Террор можно описать только в рамках Права катастроф. Направленный на устрашение врагов, то есть неопределенного круга лиц, он неизменно будет находить свои жертвы среди ни в чем не повинных граждан. Логического конца у него быть не может – как узнать, всех врагов устрашили или нет?
На примере Красного и Белого терроров[163]
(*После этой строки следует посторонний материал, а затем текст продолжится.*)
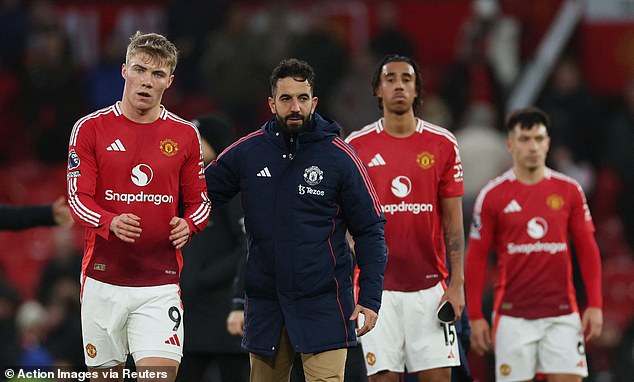 Paul Scholes fears Man United Face next season, since he names five signings necessary to transform Ruben Amorim's 'column', and suggests that a great name cannot find a place to play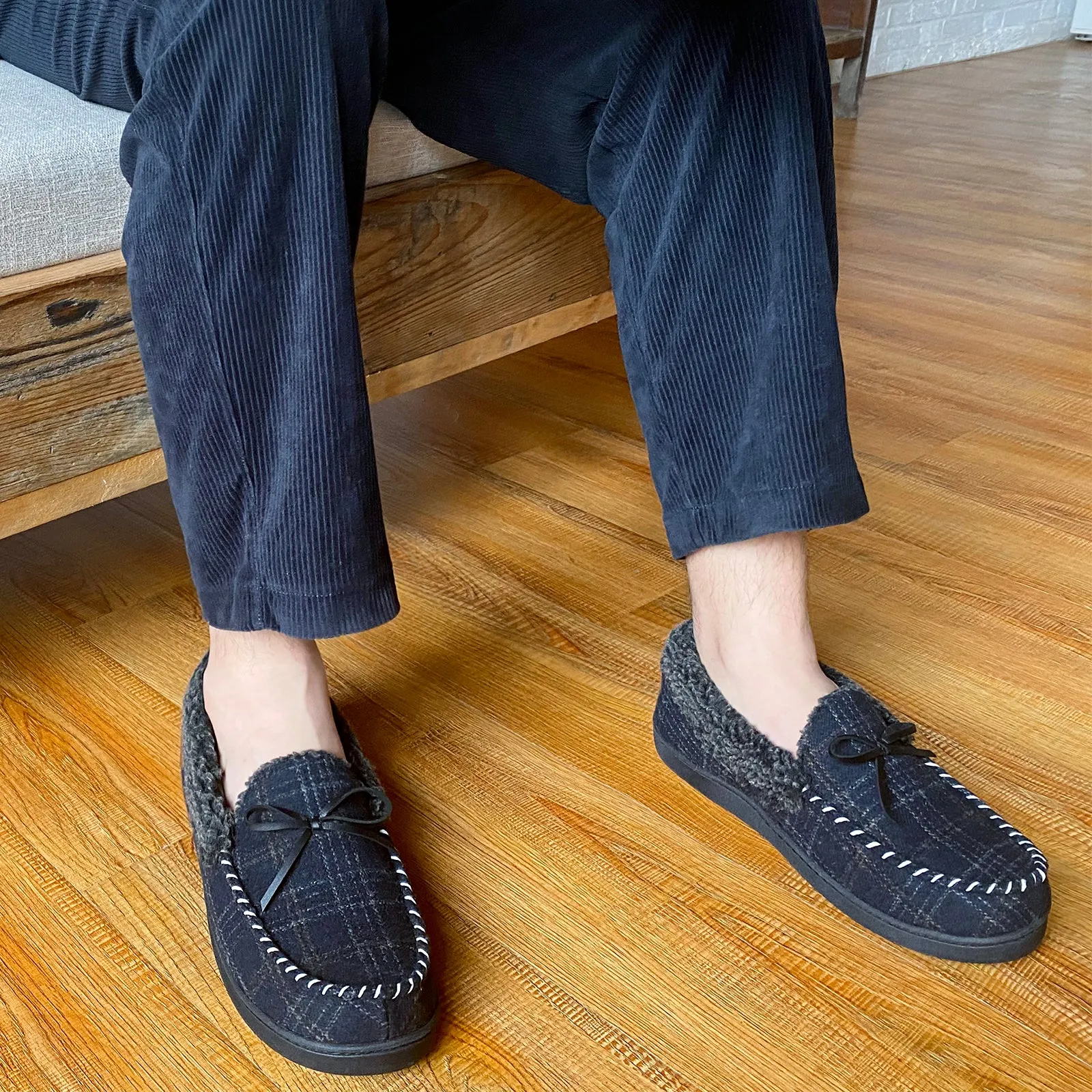 VONMAY Men's Moccasin Slippers Comfort Polar Fleece House Shoes Warm Flannel Lining Memory Foam Indoor & Outdoor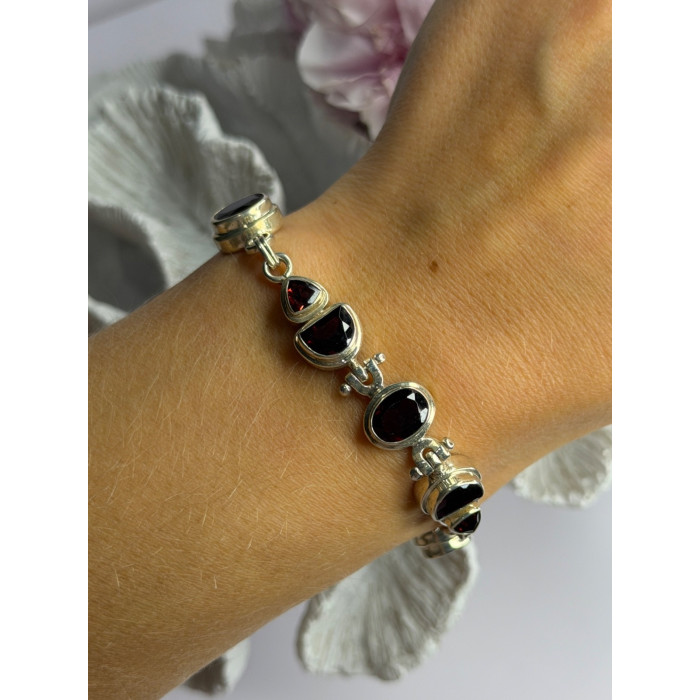 925 Sterling Silver Garnet Bracelet Length 7-7.5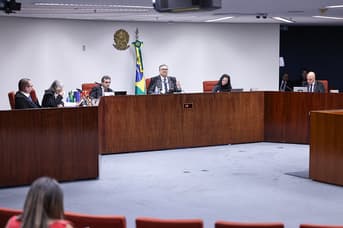 É uma imagem do post com o título Concursos Tribunais: STF veta aposentadoria como punição de juiz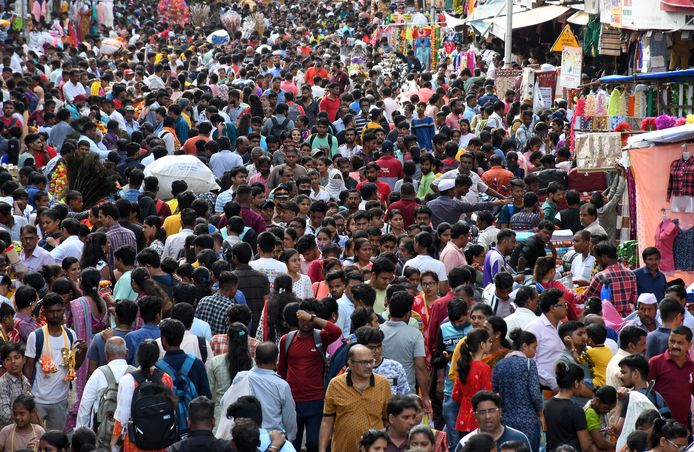 Grote drukte in Mumbai, India. Na China het land met het grootste aantal inwoners.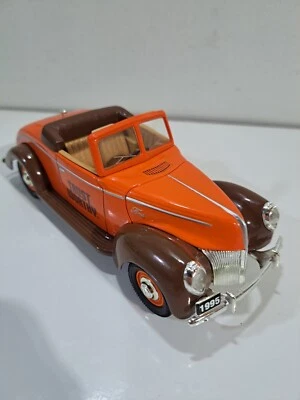 Liberty Classics 1:24 Die Cast Trustworthy 1940 Ford Roadster Car Bank (Defect) - Image 1 of 4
мы видели, как этот процесс стремительно опускается с верхушечного на низовой уровень, где становится абсолютно неконтролируемым и все более кровавым. Однако если во времена Гражданской войны безграничная жестокость террора определялась ненавистью к врагам с обеих сторон, то в ходе Большого террора в основе беспощадности чекистов и служителей Фемиды лежал прежде всего страх. Даже если отдельно взятый начальник ОГПУ и понимал, что поступивший ему донос на неповинного человека является вымыслом и лишен законных оснований, не дать ему ходу он не мог, поскольку с большой степенью вероятности в этом случае на него самого напишут донос за недостаточно беспощадное отношение к врагам Советской власти и он сам попадет в жернова террора. То же самое относилось и к другим руководителям – винтикам механизма Большого террора – хорошо понимавшим, что происходит, и изо всех сил старавшихся продемонстрировать свою лояльность начальству. Как мы уже отмечали, далеко не всем это удалось: погибло немало бюрократов и сотрудников правоохранительных органов.Система начала пожирать самое себя, и это становилось по-настоящему опасно. Террор необходимо было сворачивать. Чтобы свернуть Красный террор, пришлось сконструировать внешнюю «матрешку» позитивного права, в частности провести судебную реформу, принять и ввести в действие УК и УПК РСФСР. А внутри спрятать Право катастроф (партийные решения, телеграммы, записки и прямые указания Ленина и других вождей революции), в рамках которого террор и осуществлялся.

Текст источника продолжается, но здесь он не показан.